La terre rocailleuse

MicheleHumeur du jour

Des paysages arides, désertiques, rocailleux, inhospitaliers, apparaissent parfois dans les rêves.
Ils traduisent bien l’impression de sécheresse que l’on ressent, l’impression que rien de bon ne sortira du désert de notre vie, qu’il n’y a pas de lyse à la situation que nous traversons ou pas d’espoir face à la désolation, la solitude, l’impression de perdition. Pourtant, si l’on accepte d’aborder ces contrées, la nouveauté se présente au moment où l’on s’y attend le moins.
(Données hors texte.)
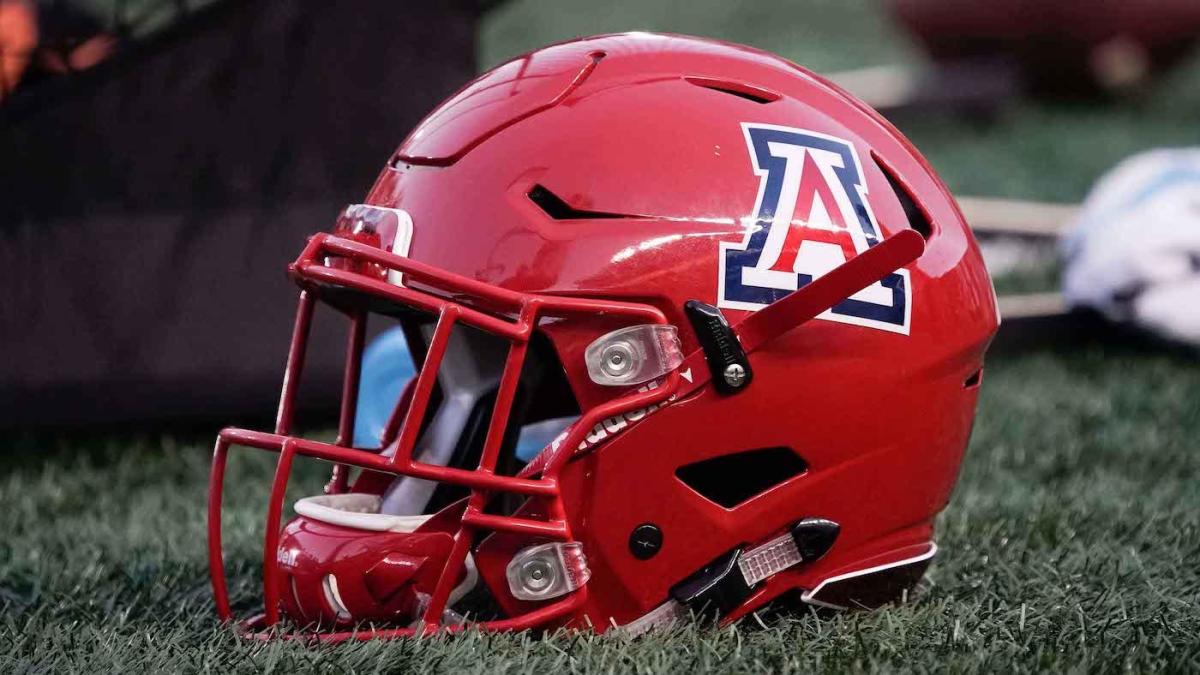 Arizona Wildcats Set to Leave Pac-12 for Big 12, Potentially Sparking a Conference Exodus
Je me souviens d’une randonnée à Gleninchaquin (Kenmare, Ring of Kerry, Ireland), un site naturel cerné par une chaîne de montagnes. Le chemin qui y mène, caillouteux, sinueux, court sur des kilomètres, traversant des zones arides, presque inhospitalières. Il est si étroit par endroits et la visibilité si réduite parfois, que l’on ne peut s’empêcher de penser avec une pointe d’inquiétude à ce qui pourrait surgir au prochain tournant. Mais surtout, il semble ne mener nulle part, effritant petit à petit patience et confiance.
Comme un encouragement, un premier lac s’offre cependant au regard au détour d’un virage. Du ponton, semblant provenir de la forêt épaisse, un quelque chose de sauvage, d’indéfinissable, happe la voyageuse. Elle ne le sait pas encore mais, de charme en charme, dame Nature prépare un sortilège.
C’est au sortir d’un virage qu’elle vous ensorcelle : à la terre rocailleuse, poussiéreuse, succède un paysage qui vous coupe le souffle.
Ecrin.
C’est le mot qui vient tandis que les yeux découvrent et embrassent une verte prairie, d’un vert jamais encore vu, bordée d’un petit mur de pierres et entourée de montagnes sombres.
Des moutons y paissent paisiblement.
Des agneaux gambadent,
Blancs, noirs.
De la montagne là-haut s’élance une cascade dont la blancheur tranche sur la pierre sombre.
Une étrange paix règne en ces lieux.
Un soupçon de magie flotte dans l’air.
Si l’on parvient à s’arracher à la contemplation de la prairie, extraordinaire, envoûtant joyau vert, et que l’on arpente le sentier qui serpente dans la montage, on s’élève au dessus de la vallée et des lacs, des paysages à perte de vue. De temps à autre cependant, à travers branches, l’on ne peut s’empêcher de baisser le regard vers la prairie, cœur d’émeraude dont la beauté fait jaillir les larmes au bord des cils. Les moutons, minuscules tout à coup, renvoient à la petitesse, à la fragilité, à la précarité de la vie, en même temps qu’ils soulignent la majesté de la Terre qui vous porte et vous nourrit. Et le cœur soudain tressaille, tandis que le délicat parfum de l'éternité se répand alentour.